Na quinta-feira, 11/08, alardeou-se, por todos os meios, a carta em defesa da democracia escrita pelos professores da Faculdade de Direito da USP – à qual foi anexada também um outro documento, mas este escrito pela Federação da pomposa burguesia paulista. As assinaturas da carta uspiana ultrapassaram a marca de um milhão. O documento encabeçado pelos professores se cobre com as vestes da Carta aos brasileiros de 1977, elaborada e lida pelo professor, e integralista, Goffredo Telles, apoiador – arrependido àquela altura – de primeira hora dos generais golpistas de 1964, a quem ofereceu a redação de uma nova Constituição de caráter “corporativista” – um eufemismo comum para referir-se a inspirações fascistas.

Mas a atual carta não esconde a que veio.

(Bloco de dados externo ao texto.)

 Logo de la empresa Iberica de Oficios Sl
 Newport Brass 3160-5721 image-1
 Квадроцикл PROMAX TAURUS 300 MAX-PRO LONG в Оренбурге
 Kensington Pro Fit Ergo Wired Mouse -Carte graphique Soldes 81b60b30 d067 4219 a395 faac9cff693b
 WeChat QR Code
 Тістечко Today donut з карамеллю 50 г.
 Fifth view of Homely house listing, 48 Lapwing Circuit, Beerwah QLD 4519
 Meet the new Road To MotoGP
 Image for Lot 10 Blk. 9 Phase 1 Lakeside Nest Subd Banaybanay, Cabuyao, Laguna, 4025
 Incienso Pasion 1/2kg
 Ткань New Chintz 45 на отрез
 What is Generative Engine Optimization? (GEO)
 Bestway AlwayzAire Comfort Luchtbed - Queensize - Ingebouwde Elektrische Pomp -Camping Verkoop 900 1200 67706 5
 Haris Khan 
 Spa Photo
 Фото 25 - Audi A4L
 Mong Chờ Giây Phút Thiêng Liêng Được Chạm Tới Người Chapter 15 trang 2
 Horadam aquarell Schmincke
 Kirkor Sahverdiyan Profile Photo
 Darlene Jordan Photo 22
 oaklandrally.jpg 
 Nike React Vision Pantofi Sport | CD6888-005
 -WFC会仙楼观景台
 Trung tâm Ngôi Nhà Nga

Apoiada por candidatos à presidência, como Lula (PT), Ciro (PDT) e Tebet (MDB), além de outros políticos, empresários, banqueiros, artistas, juristas – e por qualquer outra coisa que possa ser chamada de “integrante da sociedade civil” –, a leitura pública do texto teve clima de festa, mas de festa reservada, pois o acesso ao evento foi limitado a pouco mais de 1.200 pessoas. A carta de alguns parágrafos não diz nada. Seu anunciado e virtuoso objetivo de ser ampla e reunir todos os interesses em defesa da democracia a tornam vazia de conteúdo.

Nas últimas pesquisas eleitorais, se vê o parco efeito prático da “defesa da democracia”. Em São Paulo, Bolsonaro, que não para em sua escala retórica de autoritarismo, aumentou a vantagem em sete pontos percentuais entre os evangélicos, cinco pontos entre os homens e doze entre os que recebem o Auxílio Brasil. Essas são algumas das principais explicações para o avanço das intenções de voto no estado mais populoso do país.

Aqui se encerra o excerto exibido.